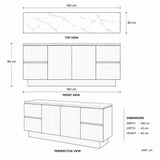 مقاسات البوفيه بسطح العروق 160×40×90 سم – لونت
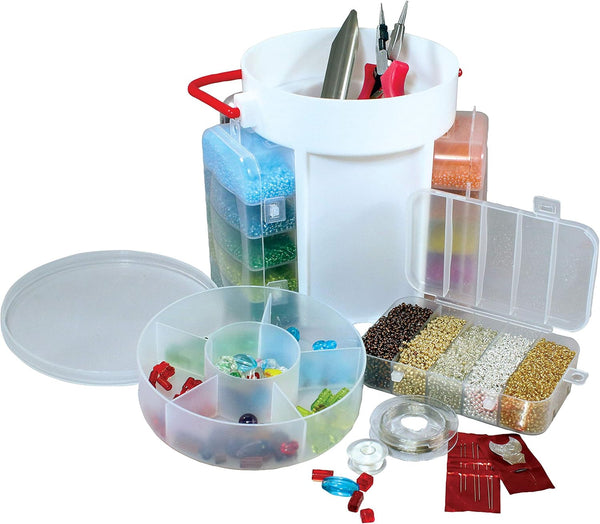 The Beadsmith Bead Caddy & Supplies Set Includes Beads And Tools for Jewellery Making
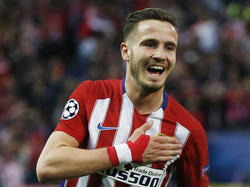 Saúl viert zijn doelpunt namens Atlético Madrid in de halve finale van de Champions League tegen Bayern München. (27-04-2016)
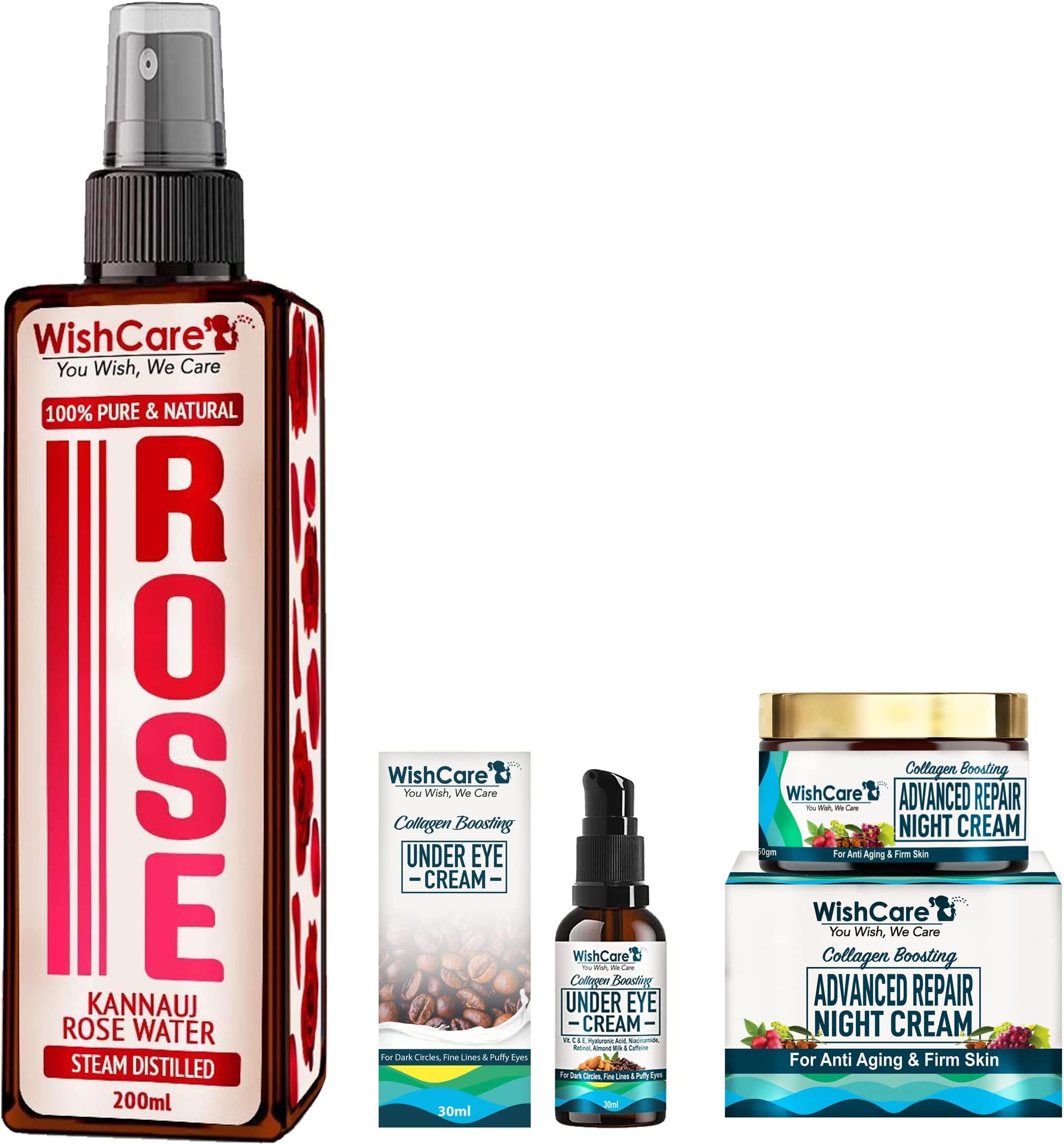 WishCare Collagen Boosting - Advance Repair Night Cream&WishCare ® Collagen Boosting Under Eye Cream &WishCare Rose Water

-.-.-

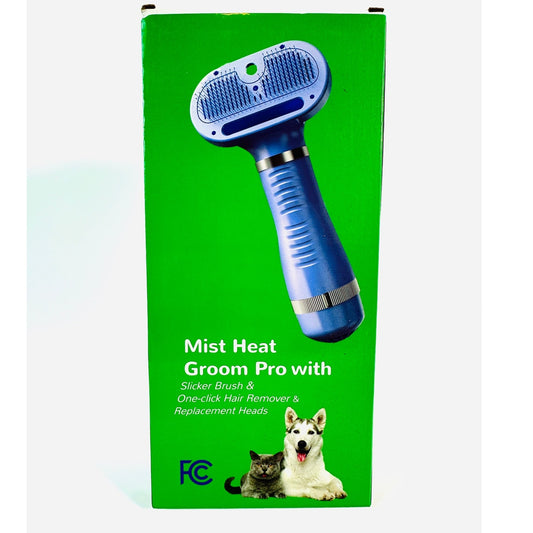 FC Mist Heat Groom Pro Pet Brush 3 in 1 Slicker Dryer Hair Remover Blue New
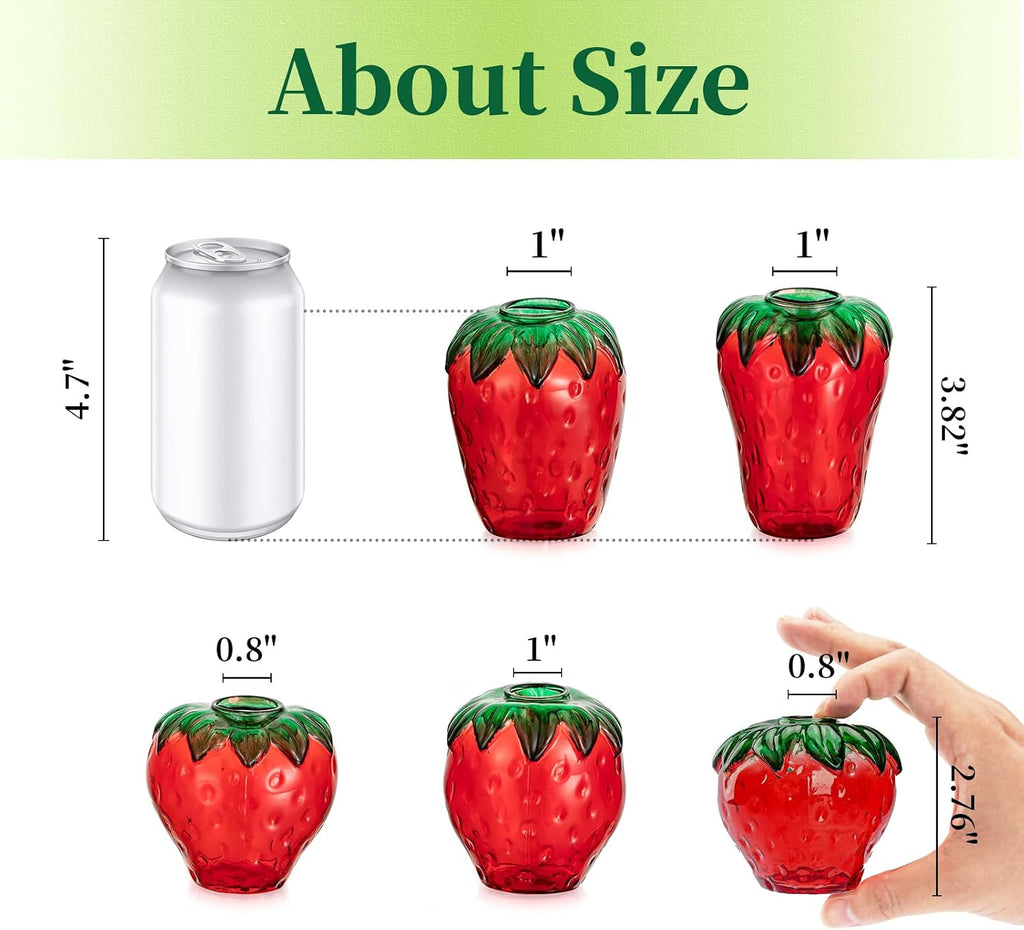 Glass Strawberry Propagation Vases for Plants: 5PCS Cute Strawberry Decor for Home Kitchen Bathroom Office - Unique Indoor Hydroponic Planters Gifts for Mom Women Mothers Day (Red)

-.-.-

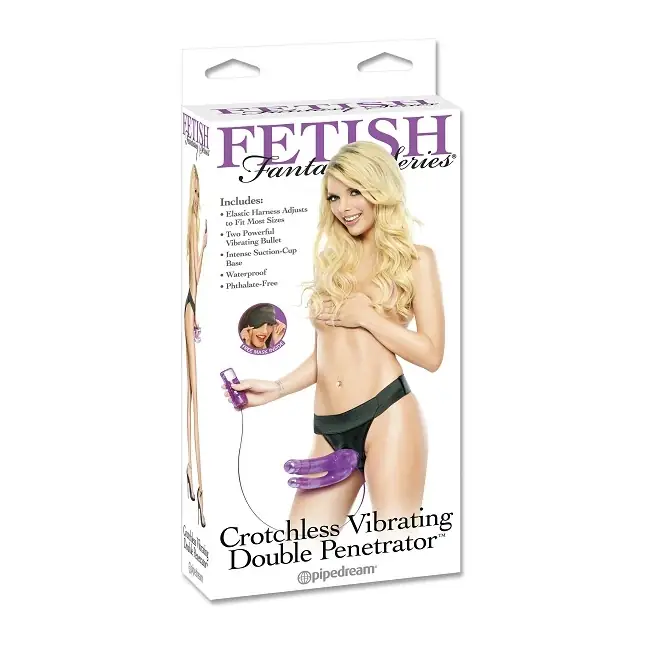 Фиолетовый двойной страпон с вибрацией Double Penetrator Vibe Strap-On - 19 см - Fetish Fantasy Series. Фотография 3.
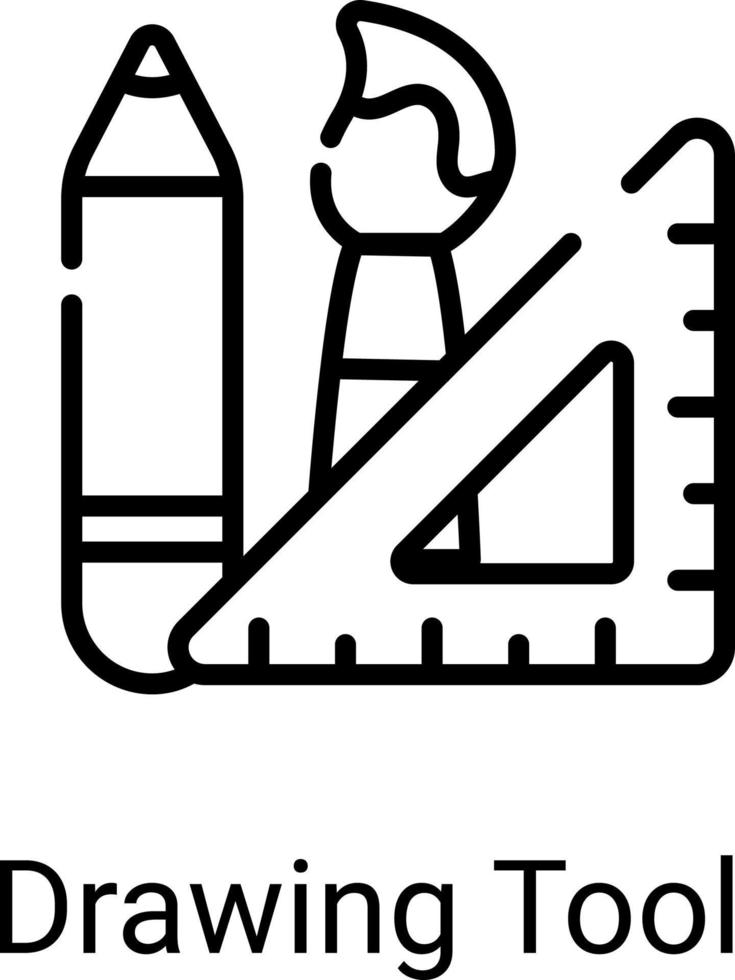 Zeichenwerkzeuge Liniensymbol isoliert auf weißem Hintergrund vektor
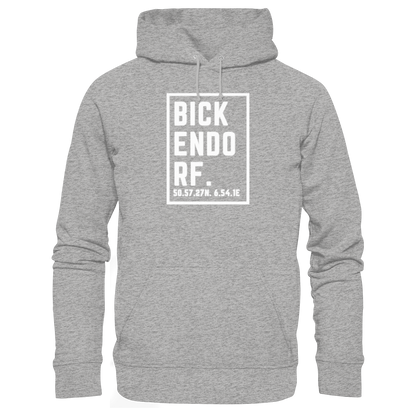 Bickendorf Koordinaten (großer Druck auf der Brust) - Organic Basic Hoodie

-.-.-

* **Problem to solve**:
The copy should hold only the lines from the one with "مقاسات البوفيه بسطح" through the one with "Saúl viert zijn", exactly as they stand above. Leave out the pictures.

* **Output**:
 مقاسات البوفيه بسطح العروق 160×40×90 سم – لونت
 The Beadsmith Bead Caddy & Supplies Set Includes Beads And Tools for Jewellery Making
 Saúl viert zijn doelpunt namens Atlético Madrid in de halve finale van de Champions League tegen Bayern München. (27-04-2016)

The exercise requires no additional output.